What you will do —
Only the lines from the one with "NOLS Alaska Sea Kayaking 1995" to the end of the data below should be given again, exactly, with both ends included and pictures omitted.

Records from a data collection —
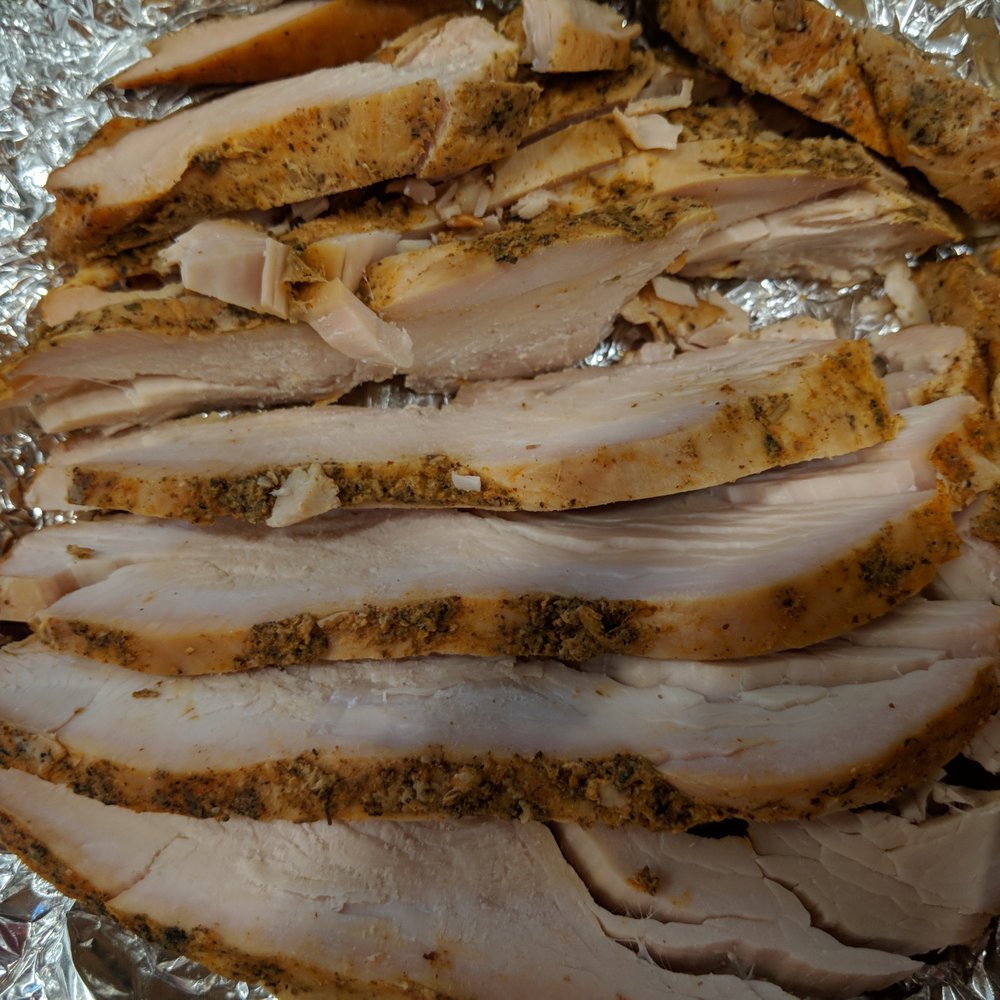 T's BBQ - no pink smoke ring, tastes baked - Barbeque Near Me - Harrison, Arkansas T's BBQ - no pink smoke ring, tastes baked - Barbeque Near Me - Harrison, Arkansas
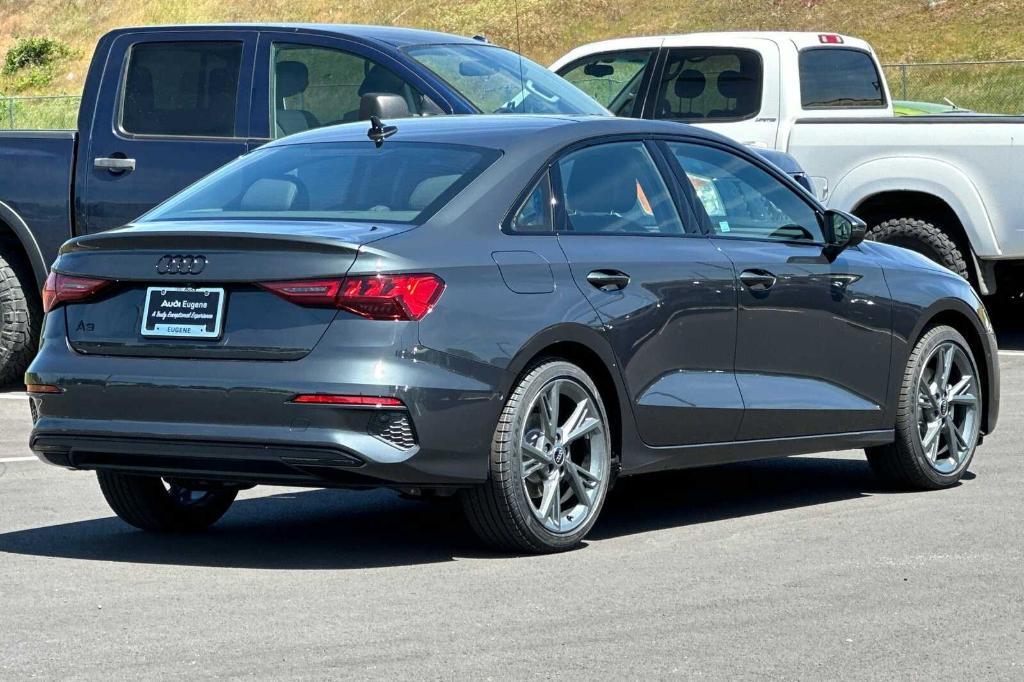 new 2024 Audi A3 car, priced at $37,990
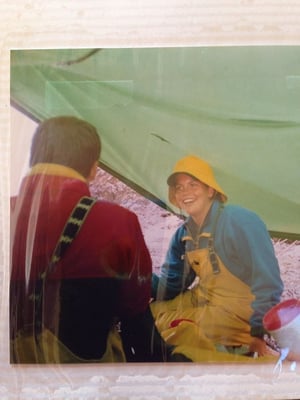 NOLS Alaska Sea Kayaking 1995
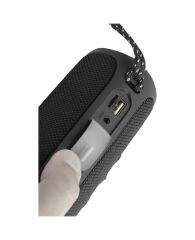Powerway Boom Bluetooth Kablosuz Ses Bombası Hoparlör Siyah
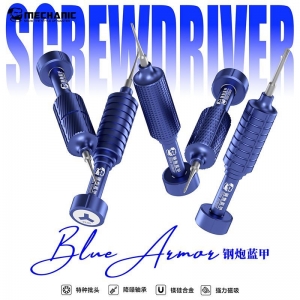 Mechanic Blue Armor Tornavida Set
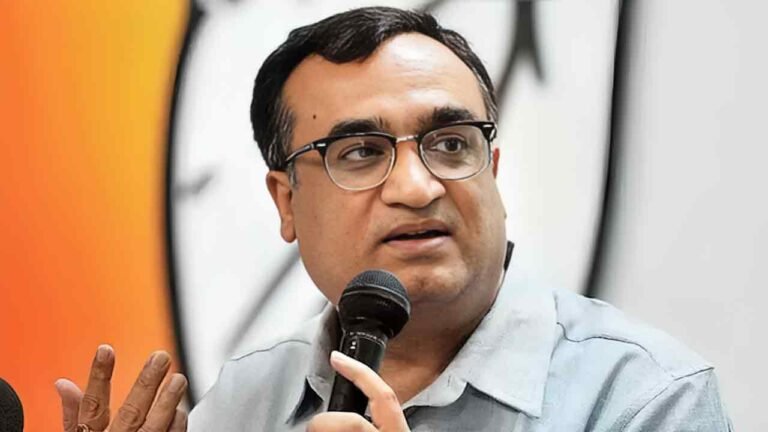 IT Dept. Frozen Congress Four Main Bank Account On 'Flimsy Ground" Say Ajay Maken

Solution —
 NOLS Alaska Sea Kayaking 1995
Powerway Boom Bluetooth Kablosuz Ses Bombası Hoparlör Siyah
 Mechanic Blue Armor Tornavida Set
 IT Dept. Frozen Congress Four Main Bank Account On 'Flimsy Ground" Say Ajay Maken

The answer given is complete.